Monday, June 16, 2014

Validating a File GeoDatabase Function

I recently created a bunch of data loading scripts that load data from some URL and copy it down local.  Nothing too special, but I noticed and interesting issue.  The file geodatabase (fgdb) would sometime randomly get corrupted and instead of the ArcGIS software seeing the fgdb as a database, it would see it as a folder in the ArcGIS software.  I create a little function to check the fgdb using the arcpy.Describe() to check the workspace ID and if it was a folder instead of a fgdb, I would erase and recreate the corrupted fgdb.  This seems to resolve the issue.
import os
import arcpy
from arcpy import env
def validate_fgdb(fgdb=env.scratchGDB):
    """
       Checks to see if the FGDB isn't corrupt.  If
       the FGDB is corrupt, it then erases the database
       and replaces it with a new FGDB of the same name.
       Input:
          fgdb - string - full path of the file geodatabase
       Output:
          Boolean
    """
    try:
        fgdb = str(fgdb)
        if os.path.isdir(fgdb) and \
           fgdb.lower().endswith(".gdb"):
            print 'workspace possible fgdb'
            desc = arcpy.Describe(fgdb)
            if hasattr(desc, "workspaceFactoryProgID") and \
               desc.workspaceFactoryProgID != "esriDataSourcesGDB.FileGDBWorkspaceFactory.1":
                shutil.rmtree(fgdb, ignore_errors=True)
                arcpy.CreateFileGDB_management(out_folder_path=os.path.dirname(fgdb),
                                               out_name=os.path.basename(fgdb))
                return True
            elif hasattr(desc, "workspaceFactoryProgID") and \
                 desc.workspaceFactoryProgID == "esriDataSourcesGDB.FileGDBWorkspaceFactory.1":
                return True
            else:
                return False

        elif os.path.isdir(fgdb) == False and \
             fgdb.lower().endswith(".gdb"):
            arcpy.CreateFileGDB_management(out_folder_path=os.path.dirname(fgdb),
                                           out_name=os.path.basename(fgdb))
            return True
        else:
            return False
    except:
        arcpy.AddError(arcpy.GetMessages(2))

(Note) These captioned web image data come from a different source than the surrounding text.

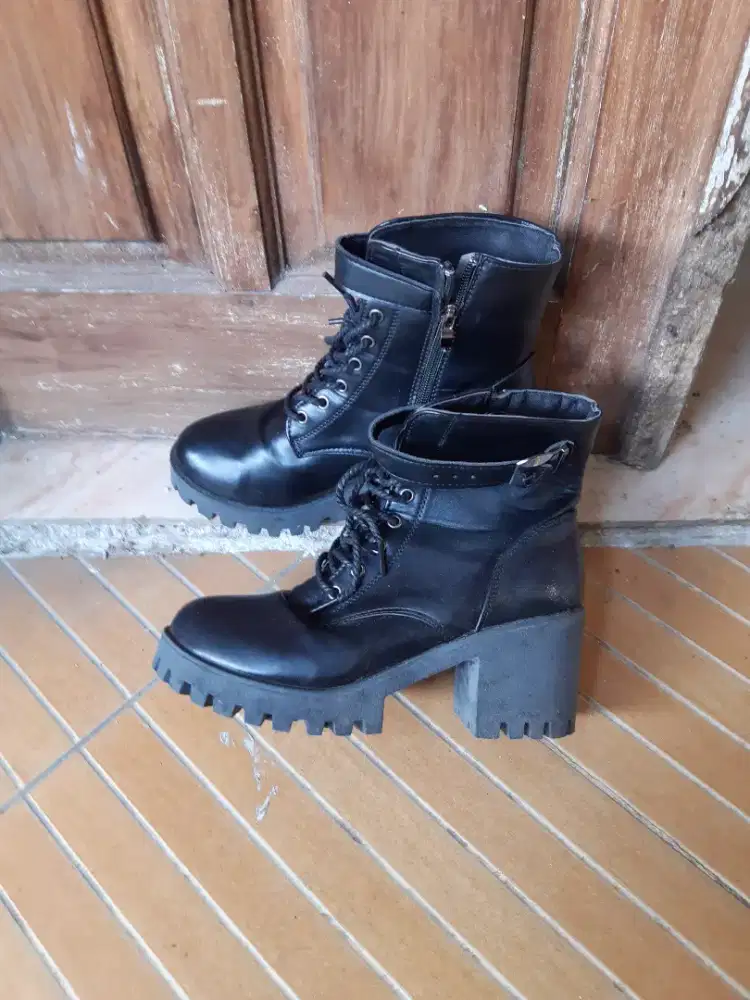 Sepatu Boot Wanita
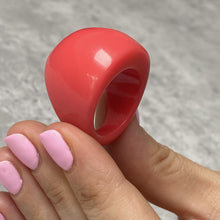 Load image into Gallery viewer, Vintage Coral Pink Oversized Cocktail Ring
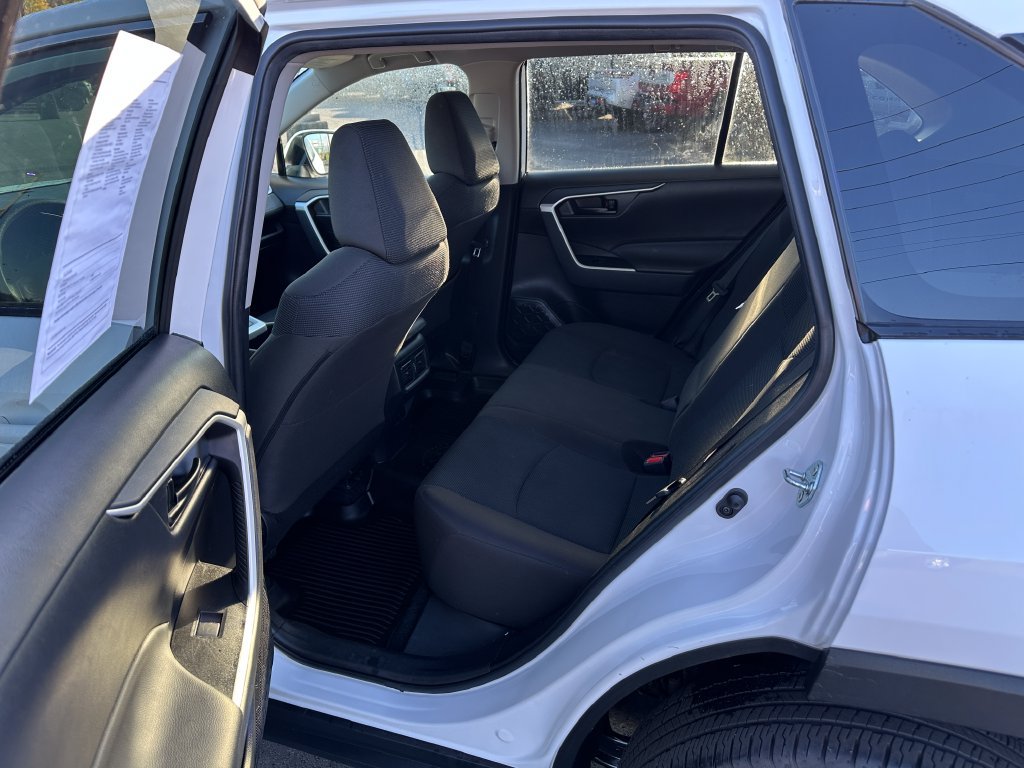 Certified 2025 Toyota RAV4 LE AWD/4WD image 15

Basically all it does is take a path to anything and sees if it 1 exists, 2, if it is a fgdb. I did add some additional benefits. If the path ends in ".fgdb" but does not exists, it will create the fgdb.

I have a bunch of theories on why the fgdb gets corrupted, but the leading offender is erasing tables from the fgdb causes something to get hosed in the database.  Table overwrites tend to cause this issue to happen as well.  .


Anyway enjoy and hopefully you can not eliminate this issue with your scheduled tasks or services.